In the entries that follow, repeat exactly the lines from the one that has "book cover of" through the one that has "VS明石真蛸(マダコ)", but omit pictures.

--- DATA SECTION Enclosed Below ---

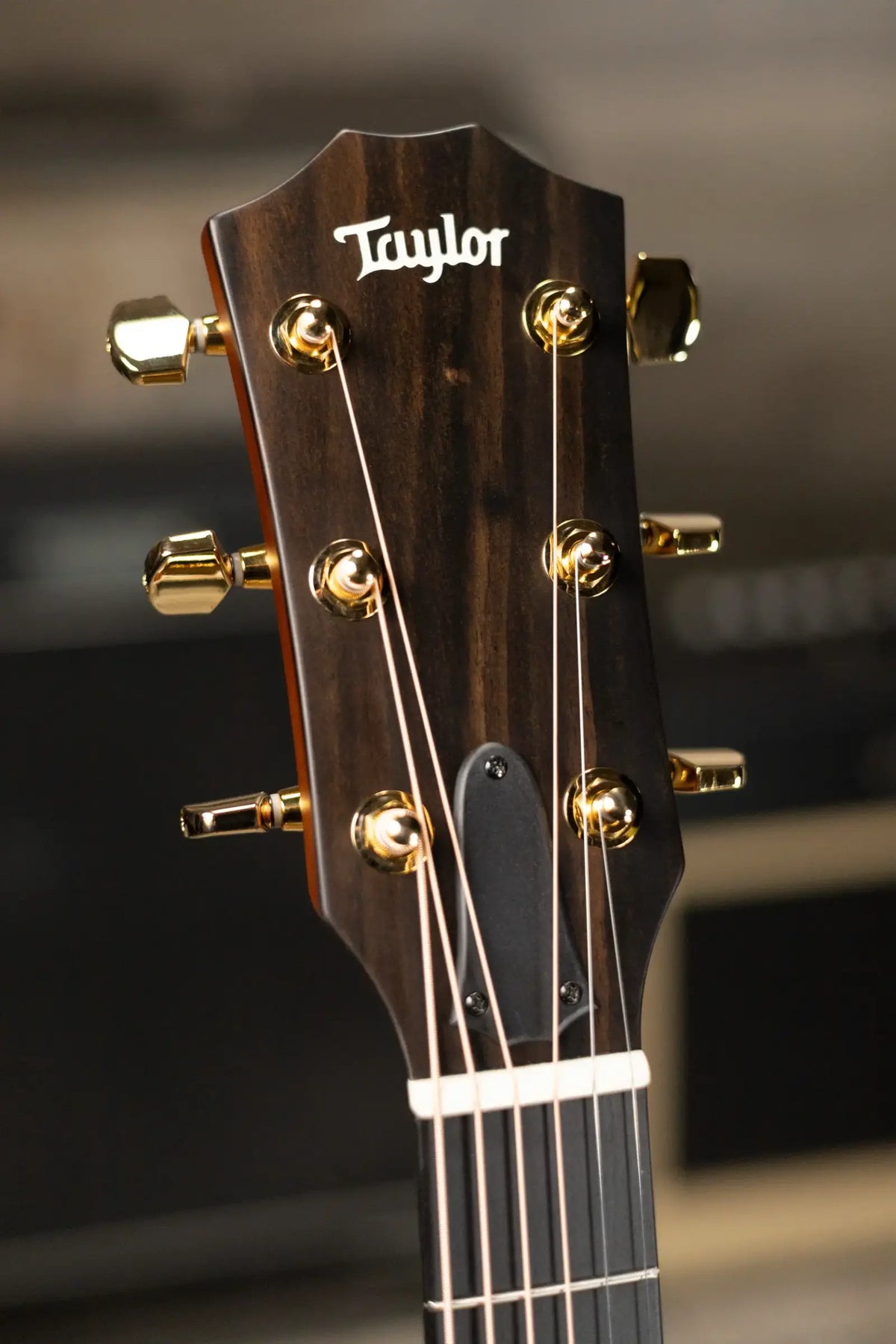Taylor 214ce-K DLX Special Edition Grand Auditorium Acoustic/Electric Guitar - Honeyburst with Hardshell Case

--- End of Enclosed DATA SECTION ---
--- DATA SECTION Enclosed Below ---

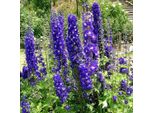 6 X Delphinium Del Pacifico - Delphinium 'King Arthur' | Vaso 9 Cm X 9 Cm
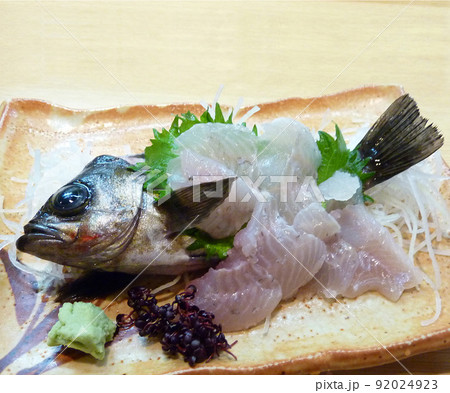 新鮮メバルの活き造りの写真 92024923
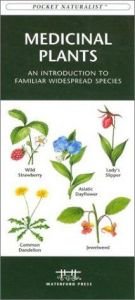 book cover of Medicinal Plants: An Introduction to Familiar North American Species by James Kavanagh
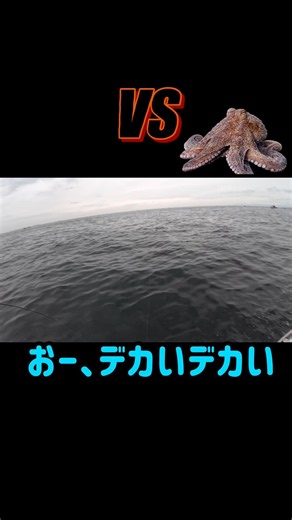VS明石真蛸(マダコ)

--- End of Enclosed DATA SECTION ---

* _ANSWER TO THIS EXERCISE_:
 book cover of Medicinal Plants: An Introduction to Familiar North American Species by James Kavanagh
VS明石真蛸(マダコ)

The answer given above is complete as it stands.